Alos, Law enforces ethical standards on practitioners. They are bound by codes of ethics, requiring competence, candor, confidentiality, and a duty of care to their clients. An AI system or chatbot is not a licensed professional and carries no ethical duties. If a chatbot produces an answer, who is accountable? Presumably, the lawyer who used it - which means the lawyer must verify every AI suggestion or face professional discipline. Bar associations worldwide have begun to clarify that lawyers cannot delegate their ethical obligations to machines. For example, ABA guidance urges lawyers using AI tools to maintain competence, to supervise outputs, and to warn clients of limitations. None of the lawyers’ rules allow AI to substitute for a lawyer’s professional judgment. The burden on attorneys thus increases: they must not only keep up with law, but also vet AI’s findings. Many fear this will erode fundamental skills like critical reasoning and issue-spotting. Even, as an AI finds relevant keywords, the lawyer’s job of discerning which facts are material remains crucial.

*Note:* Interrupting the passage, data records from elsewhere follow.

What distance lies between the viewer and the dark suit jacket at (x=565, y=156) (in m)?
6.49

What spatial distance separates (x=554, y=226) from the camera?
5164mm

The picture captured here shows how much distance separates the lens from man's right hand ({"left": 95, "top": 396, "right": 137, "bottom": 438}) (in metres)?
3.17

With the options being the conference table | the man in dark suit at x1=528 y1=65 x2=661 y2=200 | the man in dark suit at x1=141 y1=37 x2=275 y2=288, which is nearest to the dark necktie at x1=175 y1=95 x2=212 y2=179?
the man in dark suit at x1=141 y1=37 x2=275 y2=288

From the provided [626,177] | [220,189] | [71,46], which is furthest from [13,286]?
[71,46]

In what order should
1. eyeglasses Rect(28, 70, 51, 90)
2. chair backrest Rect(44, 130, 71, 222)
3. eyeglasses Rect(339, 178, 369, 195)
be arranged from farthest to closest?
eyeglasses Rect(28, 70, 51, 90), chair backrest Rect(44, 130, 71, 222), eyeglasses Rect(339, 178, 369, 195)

Procedurally, law relies on human discretion and institutional safeguards. Judges ask questions, clients have the right to be heard, attorneys negotiate or cross-examine. An AI chatbot cannot replicate these human procedural roles. For instance, the case of using automated sentencing algorithms have been criticized for lacking transparency and denying defendants the chance to contest how an outcome was reached. Any heavy reliance on AI in court would trigger serious due-process concerns. The prospect of an AI “judge’s assistant” making finding-of-fact or law-based decisions without an oversight might run up against constitutional guarantees (like the right to a fair trial and to counsel) as well as democratic principles of accountable governance. Opaque AI risk assessments can violate equal protection or due process if used uncritically. Although not yet widespread, AI in the judiciary is on EU regulators’ radar: the EU’s AI Act explicitly lists “AI systems used by a judicial authority… to assist… in applying the law” as high-risk, meaning, they will be tightly regulated.
In short, law’s institutional frameworks - both ethical codes and constitutional rights - strongly resist any system that cannot be fully explained and checked by humans.